11. The method of claim 10 wherein the inverse mixing matrix is a 2×2 matrix and does not include time-delay compensation.

12. The method of claim 10 wherein the inverse mixing matrix comprises

\frac{1}{1 + g^{2}} [\begin{matrix} 1 & g \\ g & - 1 \end{matrix}]

where g is the gain parameter.

13. The method of claim 10 further comprising an encoder-side process of

generating a mixing matrix based on minimizing energy of the residual audio signal to reduce transmission bit rate, and without time-delay compensation; and

performing a matrix multiplication using the mixing matrix to produce the sum audio signal and the residual audio signal.

14. The method of claim 10 further comprising an encoder-side process of

generating a mixing matrix based on minimizing quantization noise when the residual audio signal is quantized prior to transmission to the decoder-side, and without time-delay compensation; and

performing a matrix multiplication using the mixing matrix to produce the sum and residual audio signals.

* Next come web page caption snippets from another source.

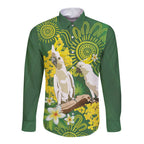 Personalised Australia Golden Wattle And Cacatua Galerita Long Sleeve Button Shirt Aboriginal Art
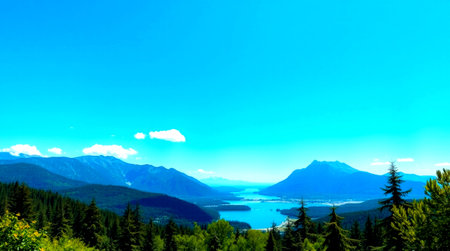 Mountains and lake in a national park.の写真素材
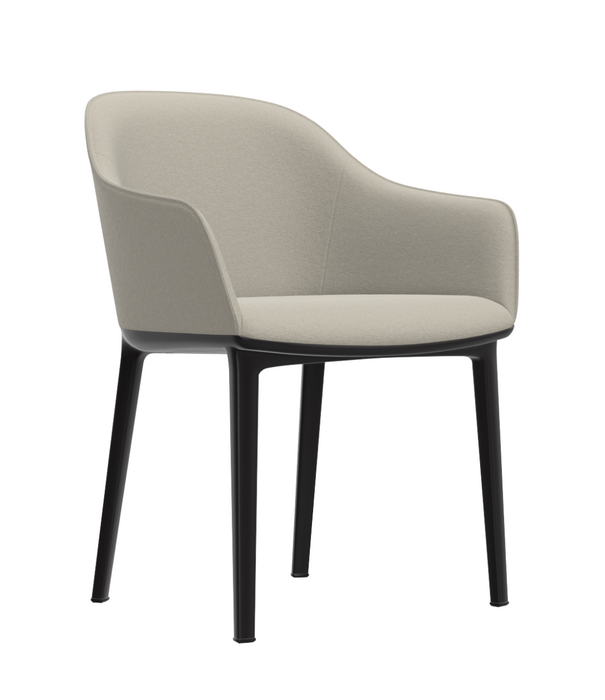 Vitra  Vitra Softshell Eetkamerstoel met arm gestoffeerd, basic dark onderstel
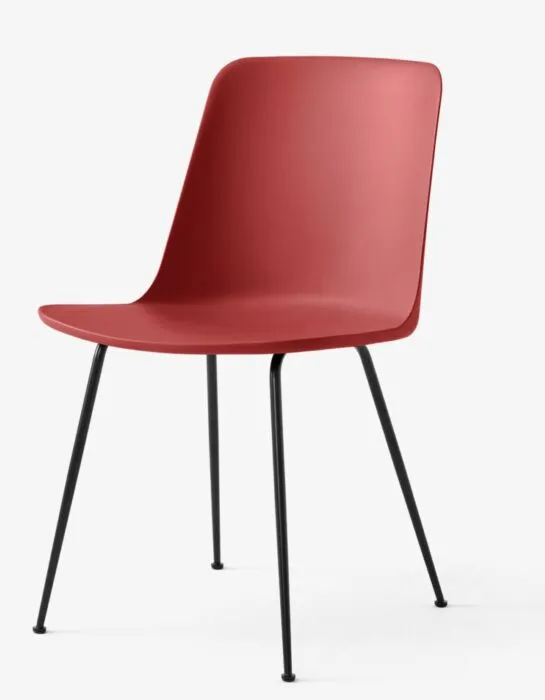 &tradition Rely HW6 stoel zwart onderstel-Vermilion Red Must-Have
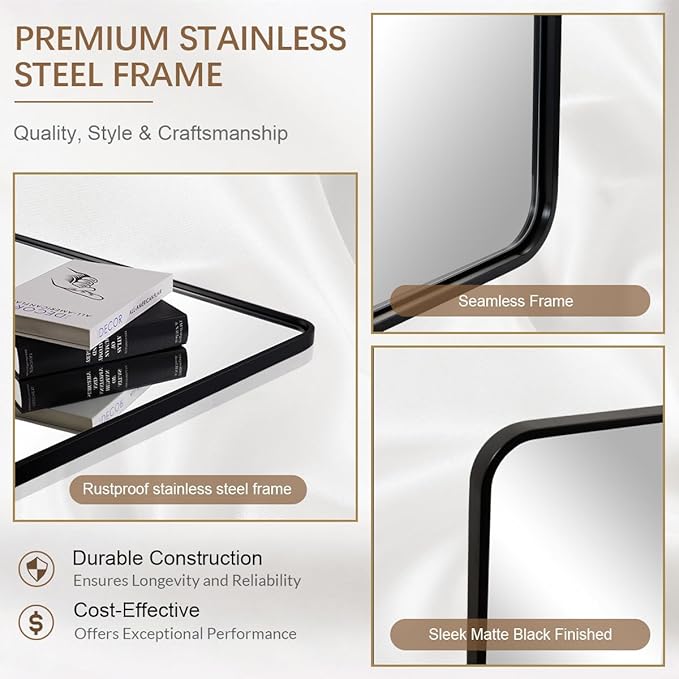 ANDY STAR 24x36 Inch Black Bathroom Mirror, Rounded Rectangle Mirrors for Bathroom Vanity Tube Metal Framed Wall-Mounted Vertically/Horizontally for Home Decor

15. The method of claim 10 further comprising an encoder-side process of

generating a mixing matrix without time-delay compensation; and

performing a matrix multiplication using the mixing matrix to produce the sum audio signal and the residual audio signal, wherein the mixing matrix and the inverse mixing matrix are identical.

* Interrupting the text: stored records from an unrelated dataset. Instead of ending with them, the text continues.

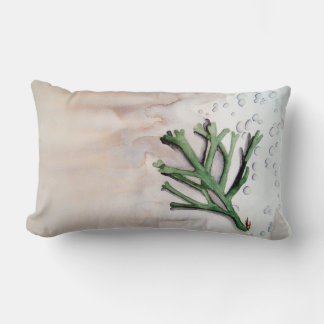 Seaweed watercolor lumbar cushion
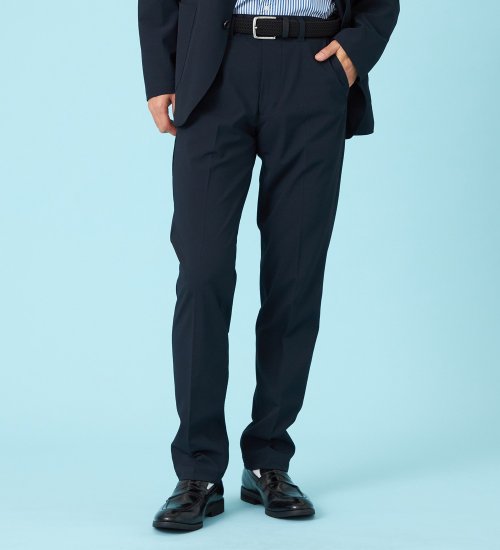EDWIN(エドウイン)の【試着対象】【夏用】デニスラ AIR スリムテーパード スラックス ストレッチ 涼しい|パンツ/スラックス/メンズ|ネイビー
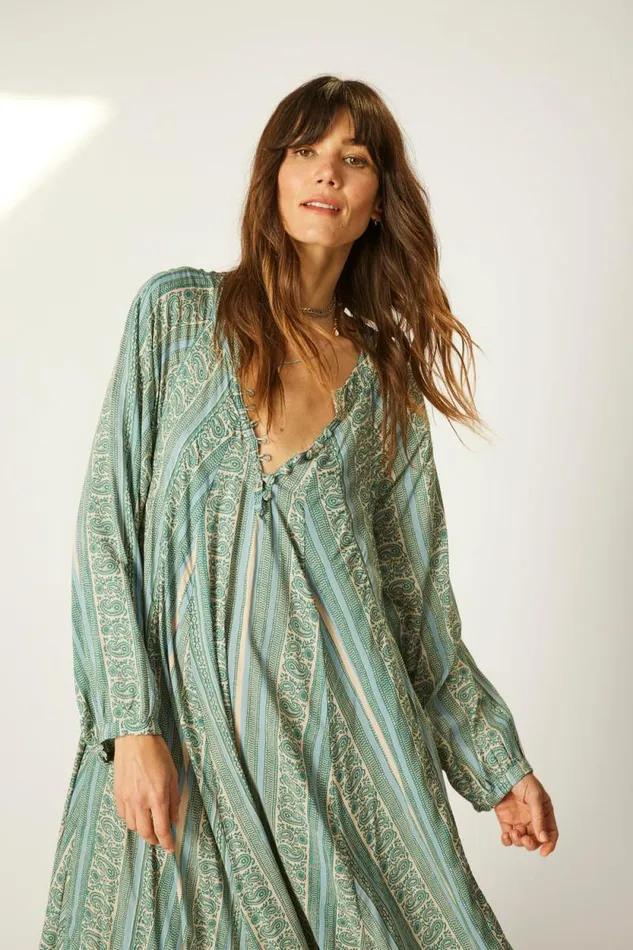 Women Natalie Martin Dresses Fiore Maxi Paisley Stripe Pool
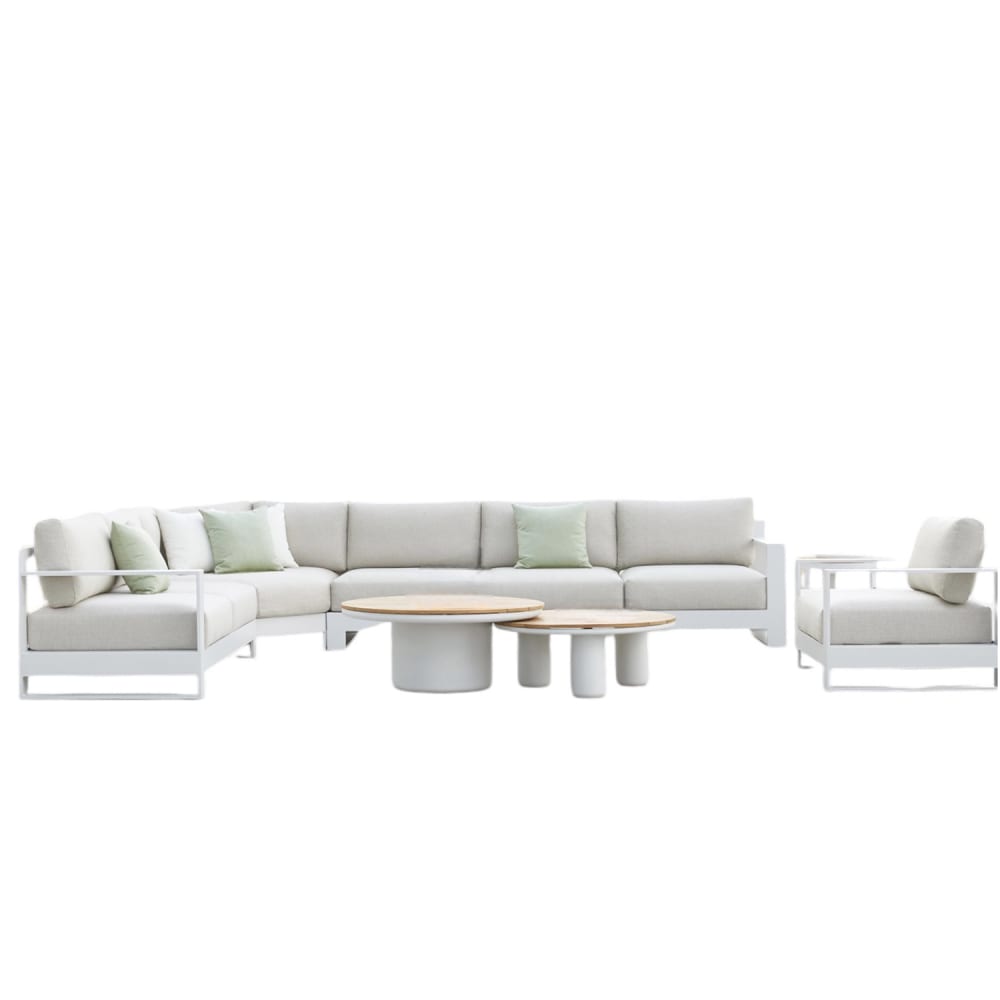 Salon d'angle blanc L355 x P98 x H65 cm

16. The method of claim 10 further comprising:

receiving from an encoder side process a bitstream that contains the sum audio signal, the residual audio signal, and an index of a quantized gain parameter; and

using the index to access a table of gain parameter values and thereby obtain a gain parameter value,

wherein generating the inverse mixing matrix using the gain parameter comprises using the gain parameter value obtained from the table.

17. The method of claim 16 wherein the sum audio signal, the residual audio signal, and the gain parameter are in sub-band domain, and the bitstream comprises

a repeat count that indicates a number of sub-bands to which a current value of the index is to be applied by a decoder-side process.

18. The method of claim 17 wherein the bitstream further comprises an all remaining flag which is an integer larger than a total number of sub-bands that define the sub-band domain.

19. The method of claim 16 wherein the index of the quantized gain parameter in the bitstream has been variable length coded.

20. The method of claim 16 wherein the table of gain parameter values comprises Table 3.